|
With the continued proliferation of cable
and satellite television and the rapid
growth of the Internet, video transmission
bandwidth has experienced phenomenal
growth. With video streaming now being
introduced into mobile handsets, this
growth rate is not showing any signs of
slowing down.
The technology advances of Xilinx®
FPGAs have kept pace with the increasing
transmission requirements and have solved
many of the critical design issues in these
systems. The Virtex-4™ product family
incorporates additional enhancements –
high-speed DSP, ultra low power, flexible
integrated memory, and high-speed serial
I/O – that enable these devices to meet the
high bandwidth requirements of video
applications.
With these features, you can use Virtex-4 devices in a variety of products, such as
cable modem termination systems, digital
video broadcast systems, flat-panel displays,
master control switches, MPEG
encoders, non-linear video editors, broadcast
routers, image statistical multiplexers,
and video servers.
Cable Modem Termination System
One common application where you can
use Virtex-4 devices is in a cable modem
termination system (CMTS), shown in
Figure 1. The CMTS is used in cable
headends, a switching system that works
in conjunction with Internet service
providers to route data between cable
modems and the Internet.
In a CMTS, the transmitted data is multiplexed
onto a cable channel along with
broadcast video transmissions. Bandwidth
is shared by all active subscribers (typically
500 to 2,000) in the cable network segment.

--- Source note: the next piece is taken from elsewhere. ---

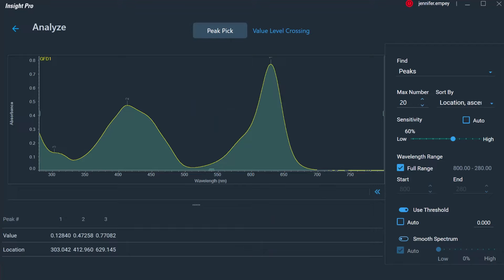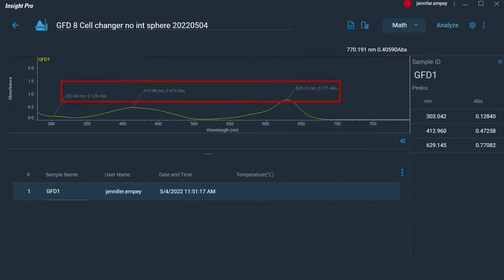Insight Pro can also be used to automatically find the maxima and minima of a measured absorption spectrum, allowing for a quick determination of the location of absorption features specific to the measured sample. The resulting peak maxima and minima locations can then be included in the reported graph.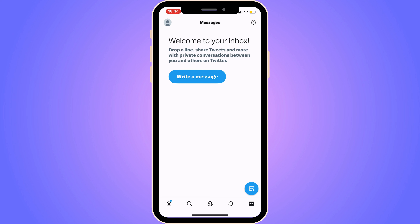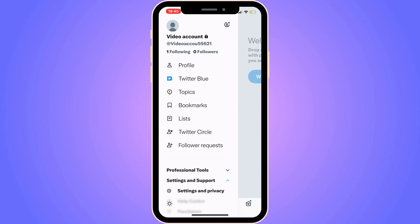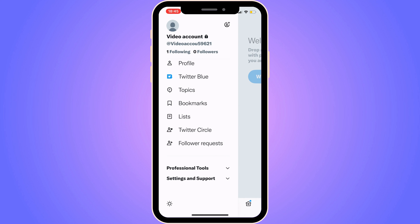The first step is quite simple. We need to come to our Twitter app — as you can see I'm currently on my Twitter app right here. What I'm going to do is click on my profile picture in the top left corner, and then you should be taken to the menu.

Downstream transmission rates run
at 40 Mbps using quadrature amplitude
modulation (QAM), while upstream rates
can be as high as 10 Mbps using QAM or
quadrature phase shift keying (QPSK). The
speed of the upstream link depends on the
service level agreement (SLA) that the subscriber
has signed with their cable company.
CMTS Design Challenges
Cable operators can offer a variety of different
services by using quality of service
(QoS) provisioning to support different
subscriber packages, helping to maximize
their revenue stream. For QoS in the
CMTS, the design needs to support packet
classification, packet prioritization, flow
control, congestion control, queuing,
scheduling, and QoS statistical measurements. All of these functions need to be
supported without a reduction in user
bandwidth. Given this, QoS processing is
generally done in hardware, for software
implementations lack the
processing power to make
real-time routing decisions
and can result in delays
and excessive queuing.
Maintaining efficient
bandwidth utilization
while supporting SLAs and
multiple traffic types
makes traffic management
very challenging. Throw in
varying protocols, memory
management, different
sized payloads, and a variety
of different system
interfaces, and it is easy to
see how these designs require highperformance,
cost-effective flexibility that
ASSPs and ASICs cannot offer. These challenges
open up opportunities for Virtex-4
devices that can provide flexible traffic
management capability at the required performance
levels.
CMTS Queuing and Scheduling Requirements
QoS provisioning is basically a queuing and
scheduling problem. Proper queuing and
scheduling entails recognizing service classes
along with managing buffer memories and port
bandwidth. The design goal is to
reduce the amount of congestion in order to
offer the maximum amount of bandwidth
and packet throughput by optimizing end-to-end delay and minimizing packet loss.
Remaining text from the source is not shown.